For many years it was firmly believed that the world was flat and that if anyone sailed too far west they would fall off the end of the earth. This was disproved in 1492 when Genoese explorer Christopher Columbus, under contract to the Spanish crown, reached several Caribbean islands, making first contact with the indigenous peoples of those islands. While academics dispute the exact method, it is believed that these indigenous peoples first made their way to America at least 12,000 years and as many as 40,000 years ago.
21 years after Columbus arrived in the Caribbean, Juan Ponce de León became the first European to land on what would become the U.S. mainland although he was not immediately aware of this thinking “La Florida” was another island in the Caribbean. Many Spanish settlers would travel to the “new world” and settle in areas in present-day southwestern United States. Thousands travelled here through Mexico.
The Spanish would not be the only Europeans to settle in America. French fur traders established outposts of New France (which stretched from New Foundland to the Canadian Rocky Mountains, between the Hudson Bay to the Gulf of Mexico.) France claimed much of the North American interior including the present day states of Louisiana, Mississippi, Tennessee, Arkansas, Missouri, Ohio, Michigan, Illinois and Indiana.) The first successful English settlements were the Virginia Colony in Jamestown in 1607 and the Pilgrims Plymouth Colony in 1620. The Massachusetts Bay Colony, which resulted in a wave of migration, was founded in 1628 and by 1634 some 10,000 Puritans had settled in New England. The British Empire, between the late 1610s and the American Revolution used America as a penal colony for some 50,000 convicts.

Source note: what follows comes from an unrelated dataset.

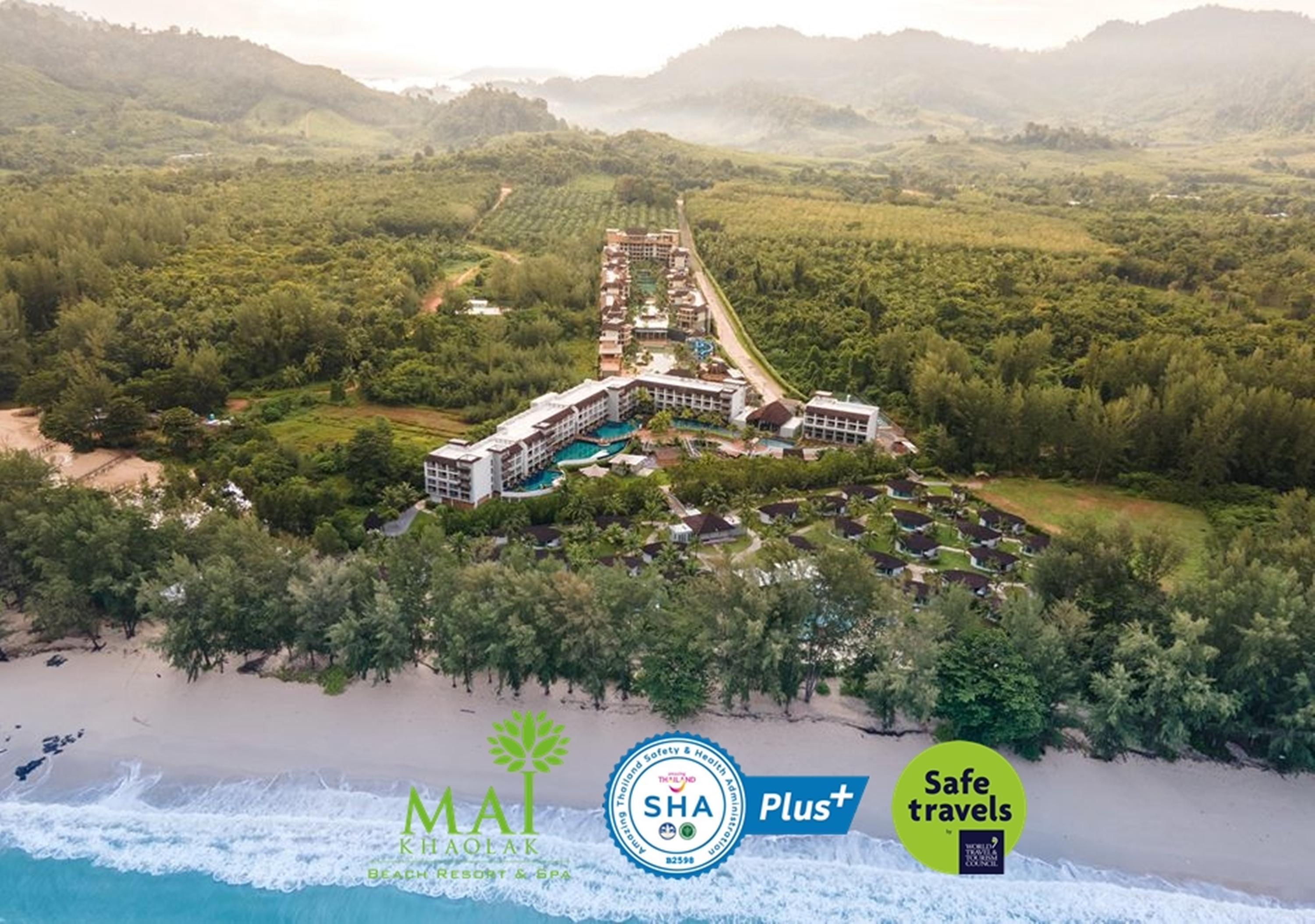 Mai Khaolak Beach Resort & Spa - Tuiblue Mai Khaolak Khao Lak Zewnętrze zdjęcie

1614 saw the Dutch settle along the lower Hudson River. One of their first settlements included New Amsterdam on Manhattan Island. The Dutch however would only hold land in America until 1674 when they would cede their territory to the British Empire. The province of New Netherland would be renamed New York (as it is today).
Many new immigrants, especially to the South, were indentured servants—including almost two-thirds of all Virginia immigrants between 1630 and 1680. By the turn of the century, African slaves were becoming the primary source of bonded labor. With the 1729 division of the Carolinas and the 1732 colonization of Georgia, the thirteen British colonies that would become the United States of America were established. All had local governments with elections open to most free men, with a growing devotion to the ancient rights of Englishmen and a sense of self-government stimulating support for republicanism. All legalized the African slave trade. With high birth rates, low death rates, and steady immigration, the colonial population grew rapidly. The Christian revivalist movement of the 1730s and 1740s known as the Great Awakening fueled interest in both religion and religious liberty. In the French and Indian War, British forces seized Canada from the French, but the francophone population remained politically isolated from the southern colonies. Excluding the Native Americans (popularly known as "American Indians"), who were being displaced, those thirteen colonies had a population of 2.6 million in 1770, about one-third that of Britain; nearly one in five Americans were black slaves. Though subject to British taxation, the American colonials had no representation in the Parliament of Great Britain.